### Assignment
Among the entries below, find the line with "Identity: if you" and the line with "Finally, the splint". Return exactly those lines and every line between them, but no pictures.

━━━━━ Data ━━━━━

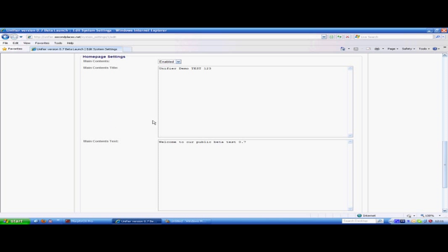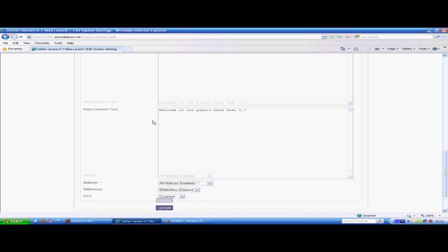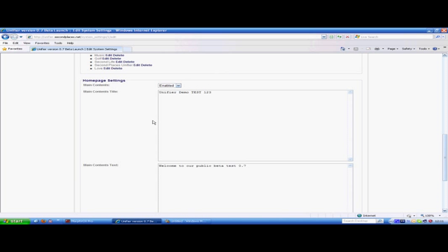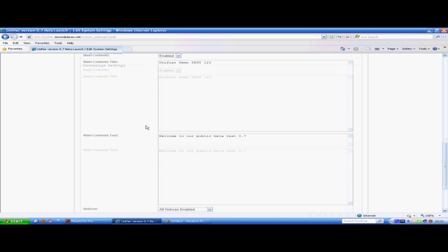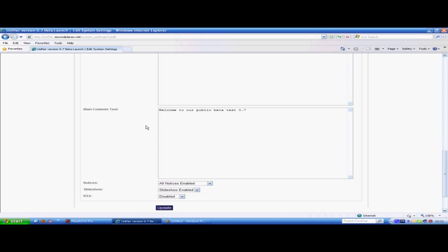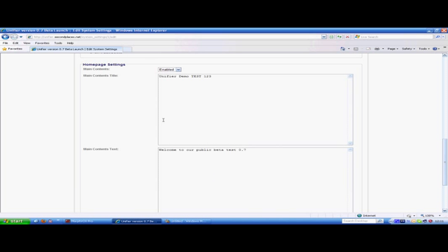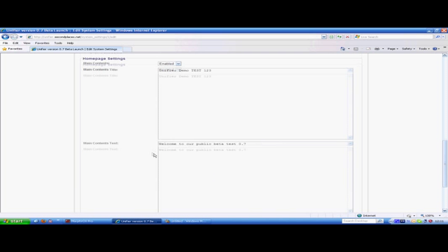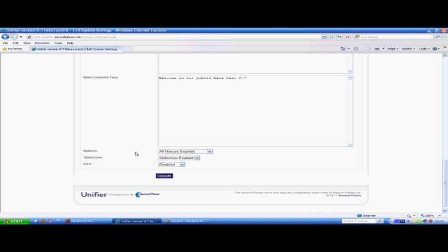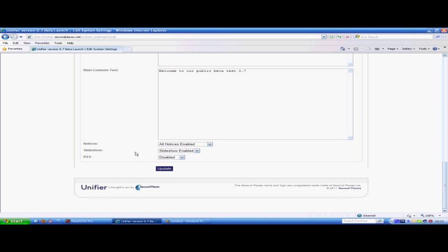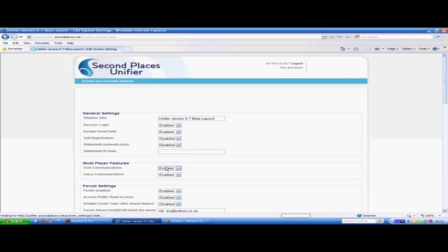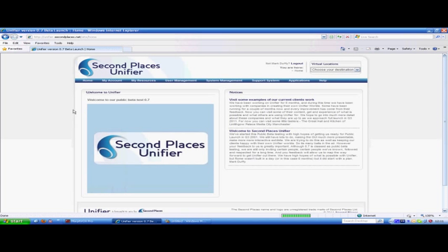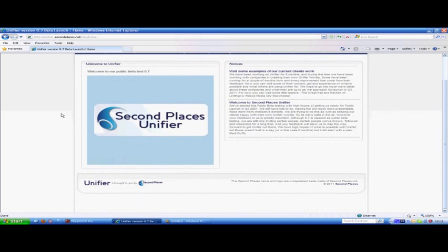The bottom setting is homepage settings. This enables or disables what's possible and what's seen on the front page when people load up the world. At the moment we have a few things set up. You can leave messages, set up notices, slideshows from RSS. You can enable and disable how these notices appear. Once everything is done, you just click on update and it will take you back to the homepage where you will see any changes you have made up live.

━━━━━
━━━━━ Data ━━━━━

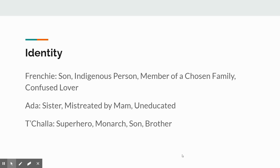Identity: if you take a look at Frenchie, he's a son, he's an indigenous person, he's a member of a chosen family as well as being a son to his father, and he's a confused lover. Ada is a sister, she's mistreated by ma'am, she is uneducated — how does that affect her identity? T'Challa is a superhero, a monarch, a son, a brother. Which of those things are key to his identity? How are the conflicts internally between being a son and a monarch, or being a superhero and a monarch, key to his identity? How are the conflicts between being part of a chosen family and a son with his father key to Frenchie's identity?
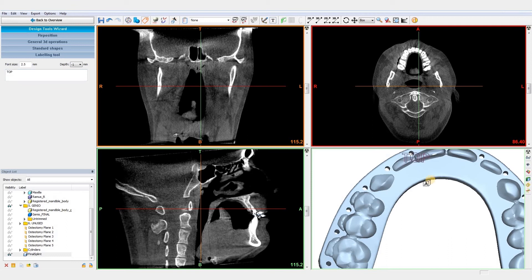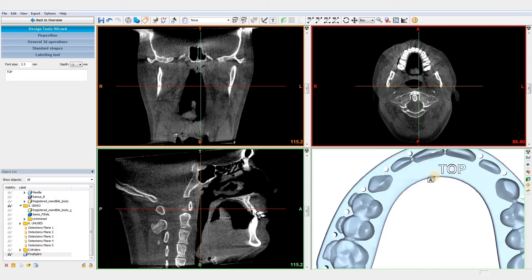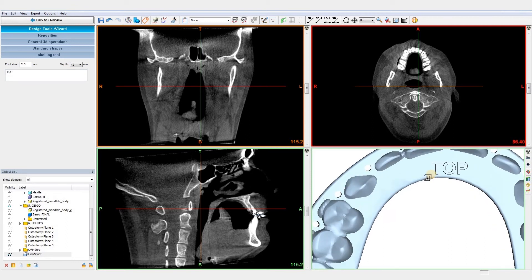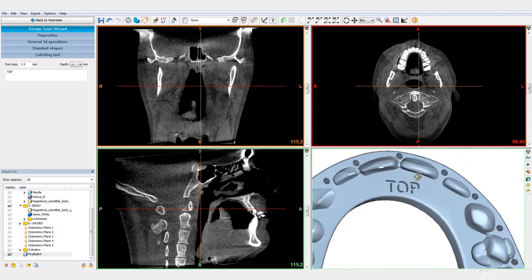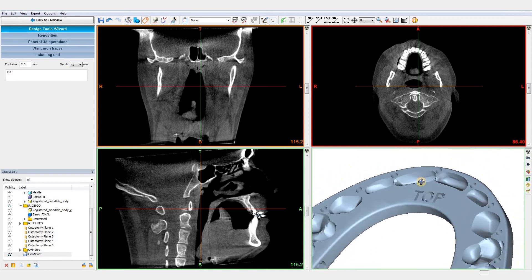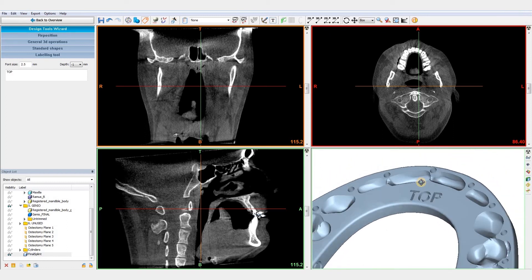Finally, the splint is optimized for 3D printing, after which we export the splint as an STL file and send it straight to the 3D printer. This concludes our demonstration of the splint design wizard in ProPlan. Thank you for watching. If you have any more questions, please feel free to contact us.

━━━━━

### Finished task
Identity: if you take a look at Frenchie, he's a son, he's an indigenous person, he's a member of a chosen family as well as being a son to his father, and he's a confused lover. Ada is a sister, she's mistreated by ma'am, she is uneducated — how does that affect her identity? T'Challa is a superhero, a monarch, a son, a brother. Which of those things are key to his identity? How are the conflicts internally between being a son and a monarch, or being a superhero and a monarch, key to his identity? How are the conflicts between being part of a chosen family and a son with his father key to Frenchie's identity?
Finally, the splint is optimized for 3D printing, after which we export the splint as an STL file and send it straight to the 3D printer. This concludes our demonstration of the splint design wizard in ProPlan. Thank you for watching. If you have any more questions, please feel free to contact us.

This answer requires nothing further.